Task prompt = Word for word, please restate each record and pass over the pictures.

Task input =
+---+

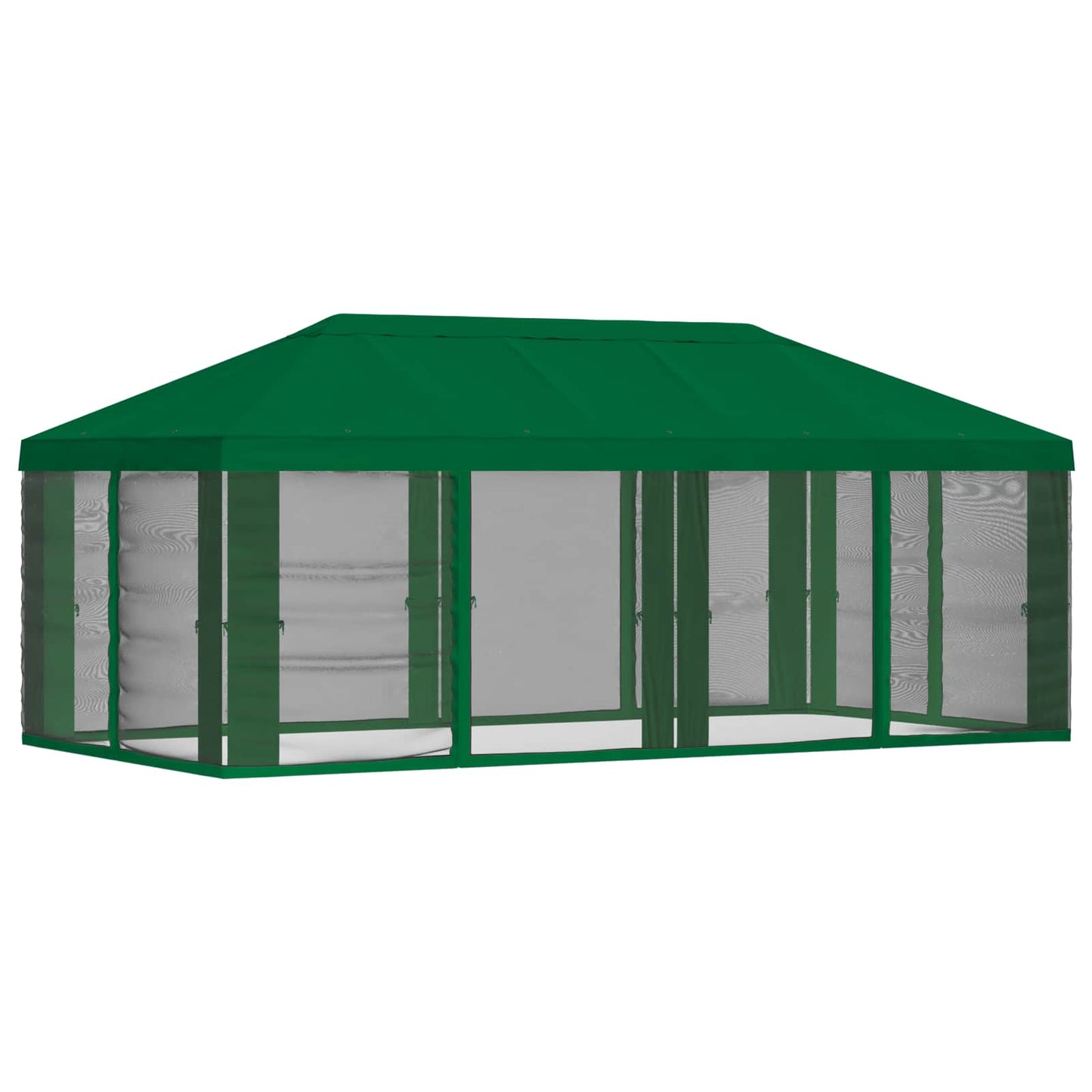 Pavillon Dach Mit Seitenwänden Grün 600,5 X 300,5 Cm Polyester
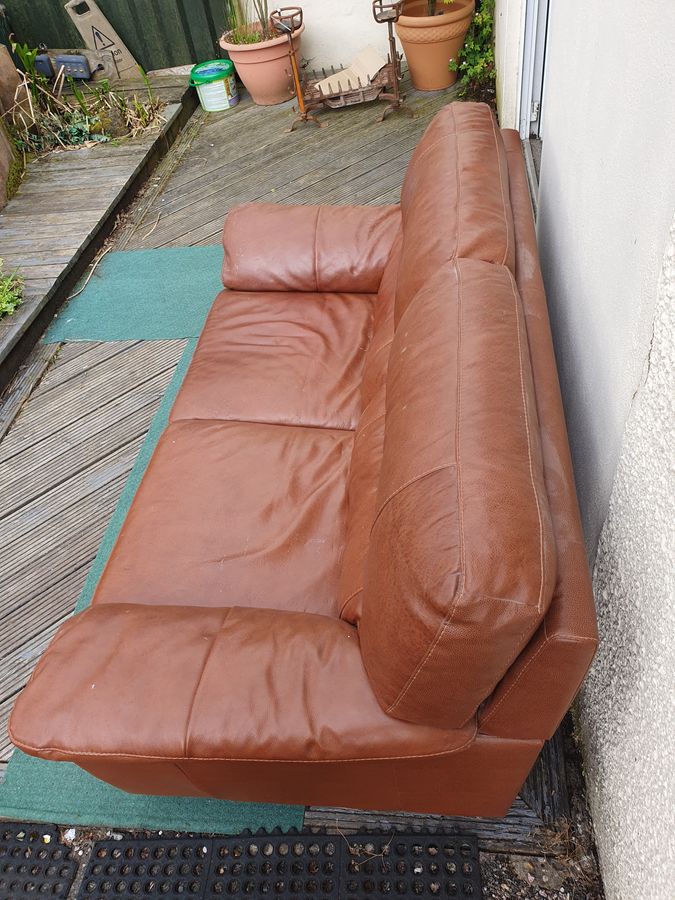 Antique Vintage Leather Settee Sofa 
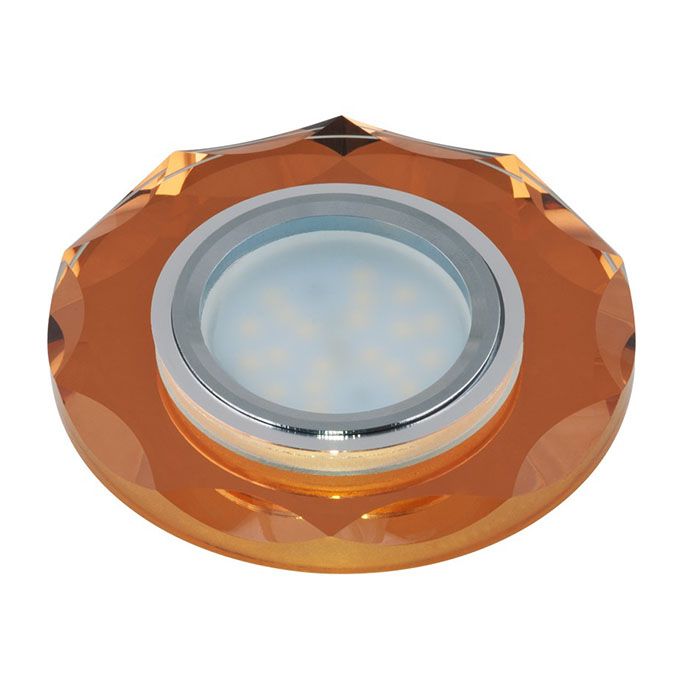 Встраиваемый светильник Fametto Peonia MR16 DLS-P105 GU5.3 хром со стеклянной десятигранной вкладкой с вогнутыми гранями бронза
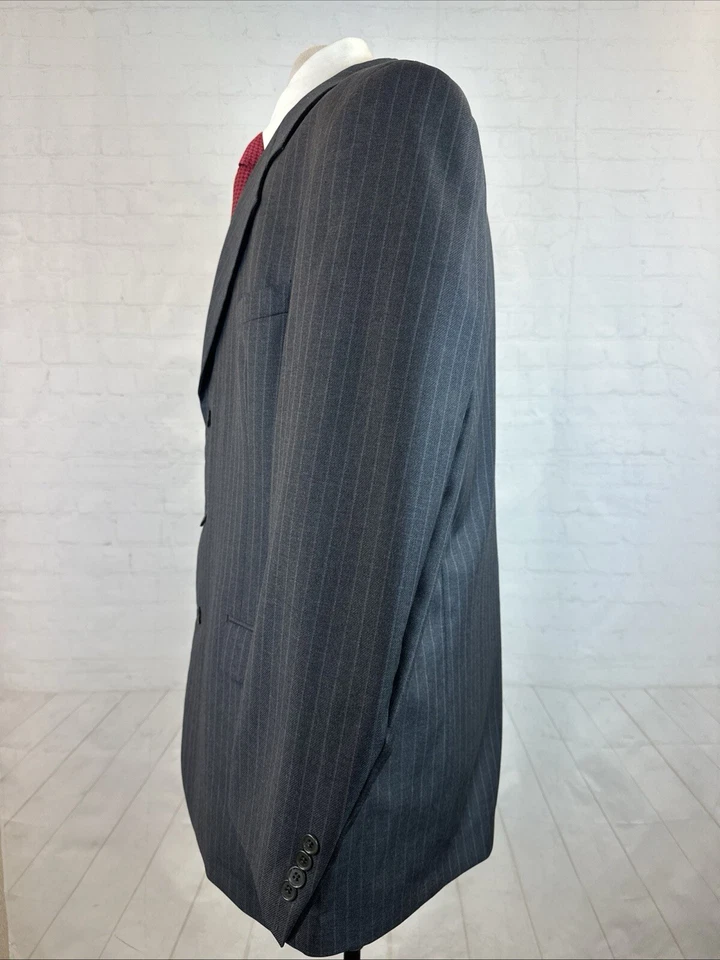 Traje Andrew Fezza Hombre 46L 37X30 Gris Oscuro Rayas Super 100s Lana $895 Foto 3 de 4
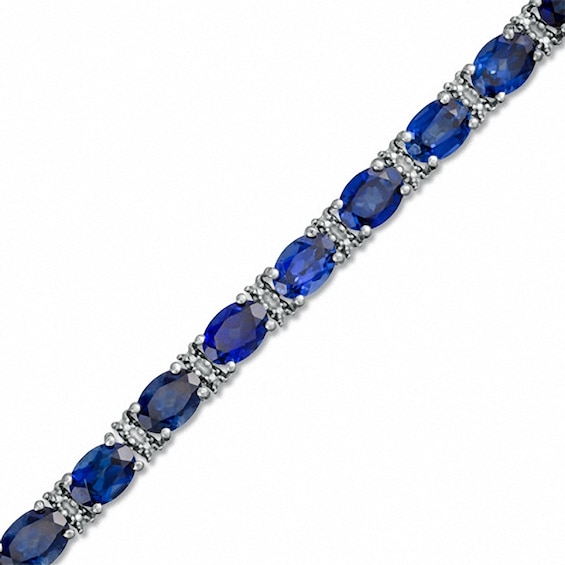 Previously Owned - Oval Lab-Created Ceylon Sapphire and Diamond Accent Bracelet Sterling Silver - 7.25"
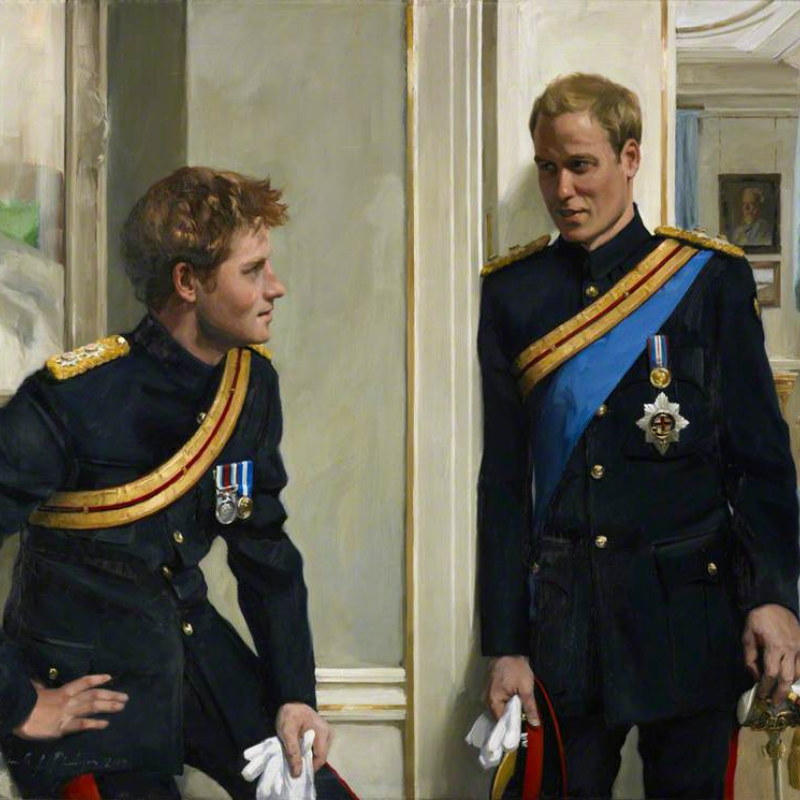 artukdotorg's tweet photo. As Princes Harry and William come together for the unveiling of a statue for Diana, we revisit our interview with Nicky Philipps about painting the royal brothers

'Prince William, Duke of Cambridge; Prince Henry of Wales' by Nicola Jane ('Nicky') Philipps (b.1964) © @NPGLondon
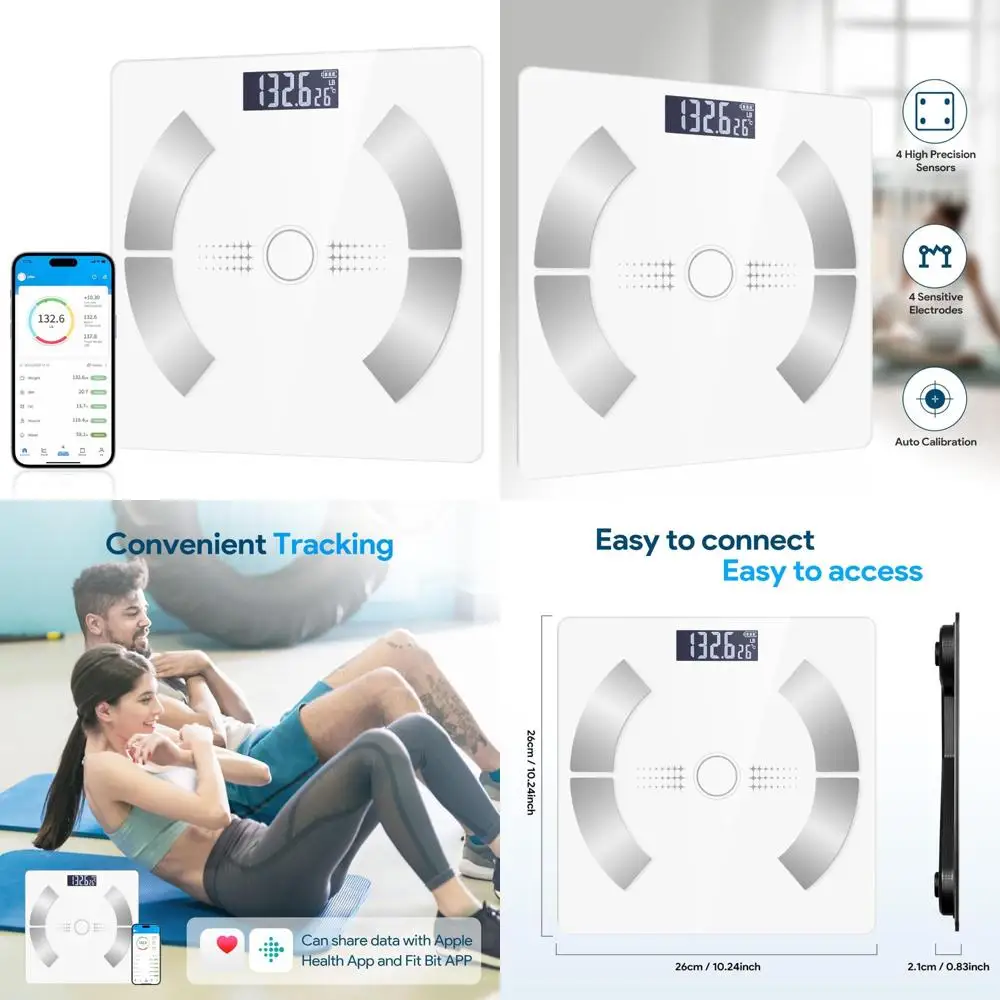 

Body Composition Analysis LED Display Smart Digital Body Fat Scale for Bathroom Use in White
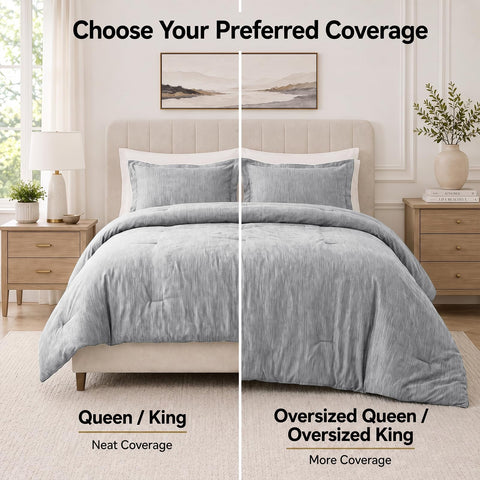 CozyLux comforter edge showing loft and fill recovery after drying benefit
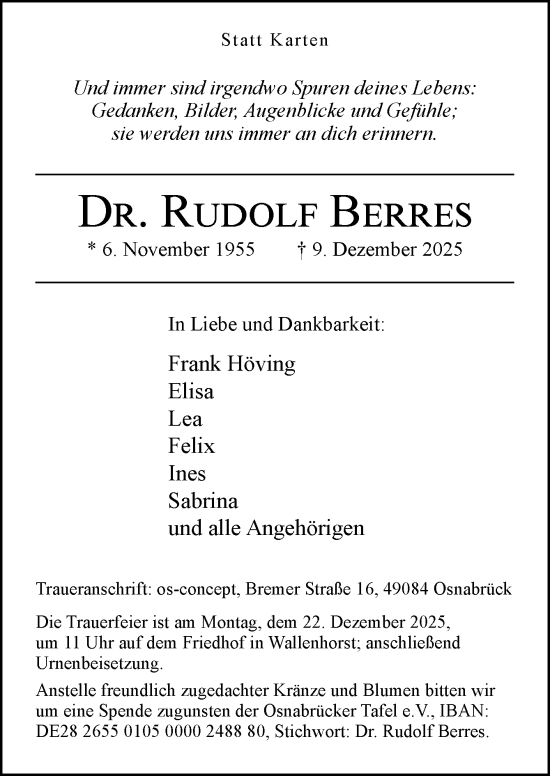 Traueranzeige von Rudolf Berres von Neue Osnabrücker Zeitung GmbH & Co. KG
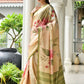 Vishnu Weaves Women's Mahendi Satin Silk Printed Saree with Blouse - Swadesiicart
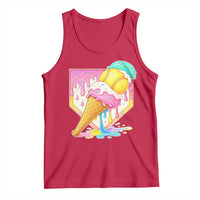 Softball Drip Tank Top Cute Softball Girls Ice Cream Drip Game Day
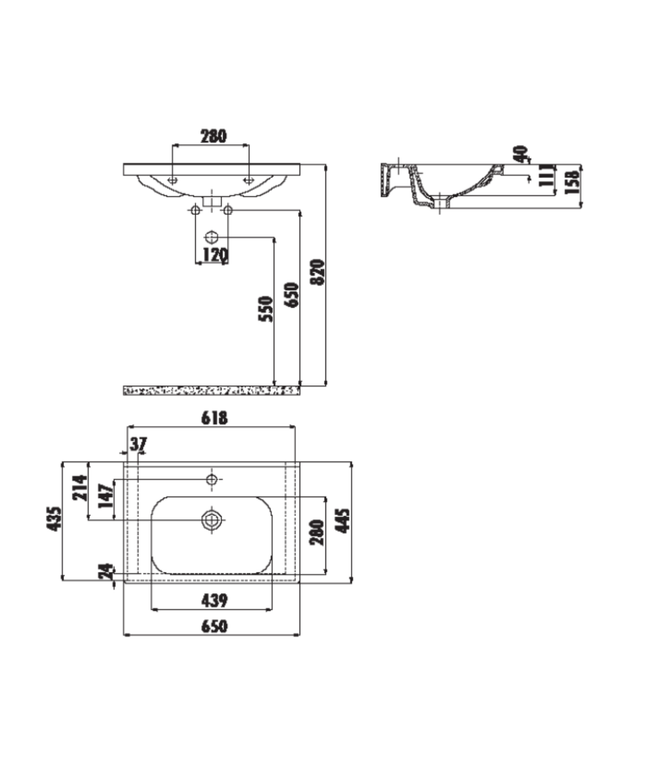 CREAVIT Eksen Wastafel – 65 cm – Wit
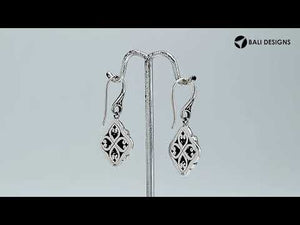 Wholesale sterling silver fancy Cubic Zirconia hook earrings with filigree design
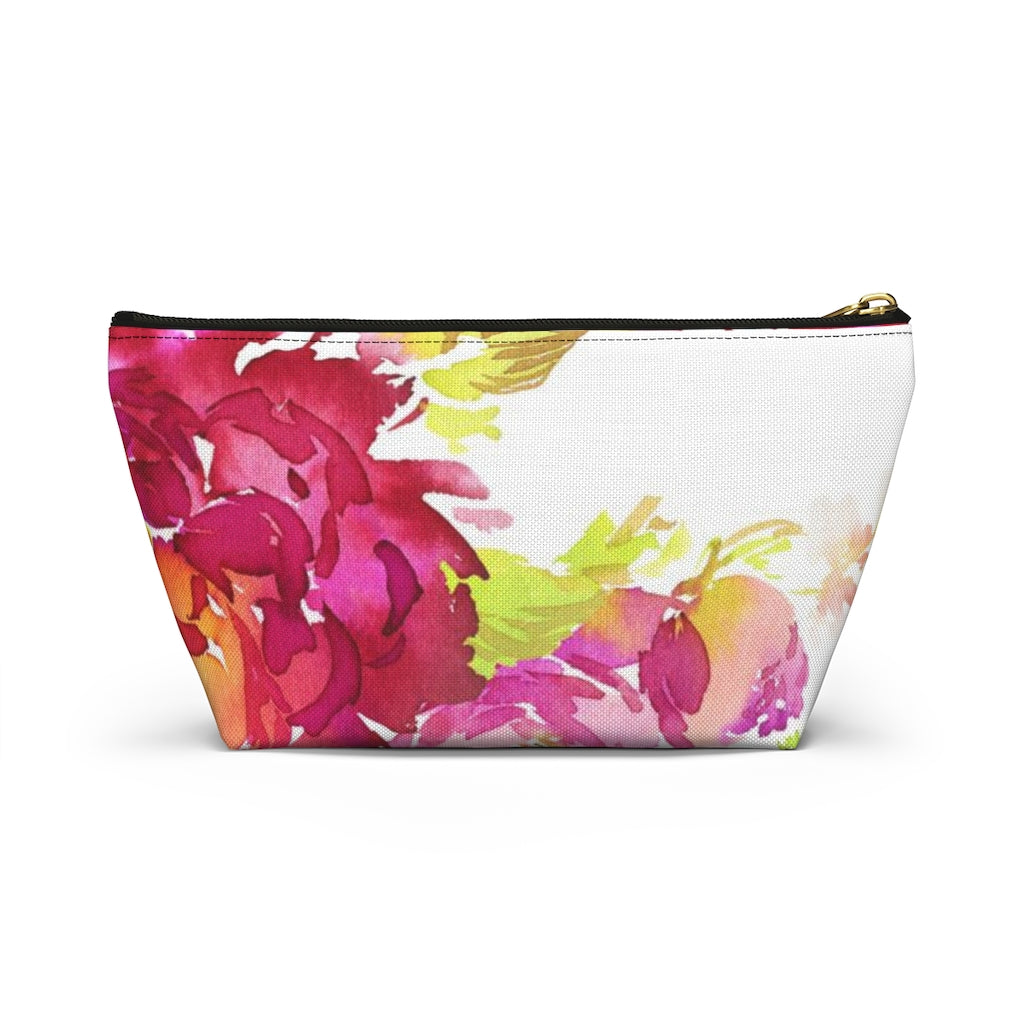 Bright Floral Cosmetic Pouch w T-bottom, Accessory Pouch, Pink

+---+

Task answer =
 Pavillon Dach Mit Seitenwänden Grün 600,5 X 300,5 Cm Polyester
 Antique Vintage Leather Settee Sofa 
 Встраиваемый светильник Fametto Peonia MR16 DLS-P105 GU5.3 хром со стеклянной десятигранной вкладкой с вогнутыми гранями бронза
 Traje Andrew Fezza Hombre 46L 37X30 Gris Oscuro Rayas Super 100s Lana $895 Foto 3 de 4
 Previously Owned - Oval Lab-Created Ceylon Sapphire and Diamond Accent Bracelet Sterling Silver - 7.25"
 artukdotorg's tweet photo. As Princes Harry and William come together for the unveiling of a statue for Diana, we revisit our interview with Nicky Philipps about painting the royal brothers

'Prince William, Duke of Cambridge; Prince Henry of Wales' by Nicola Jane ('Nicky') Philipps (b.1964) © @NPGLondon

Body Composition Analysis LED Display Smart Digital Body Fat Scale for Bathroom Use in White
 CozyLux comforter edge showing loft and fill recovery after drying benefit
 Traueranzeige von Rudolf Berres von Neue Osnabrücker Zeitung GmbH & Co. KG
 Vishnu Weaves Women's Mahendi Satin Silk Printed Saree with Blouse - Swadesiicart
 Softball Drip Tank Top Cute Softball Girls Ice Cream Drip Game Day
 CREAVIT Eksen Wastafel – 65 cm – Wit
 Wholesale sterling silver fancy Cubic Zirconia hook earrings with filigree design
 Bright Floral Cosmetic Pouch w T-bottom, Accessory Pouch, Pink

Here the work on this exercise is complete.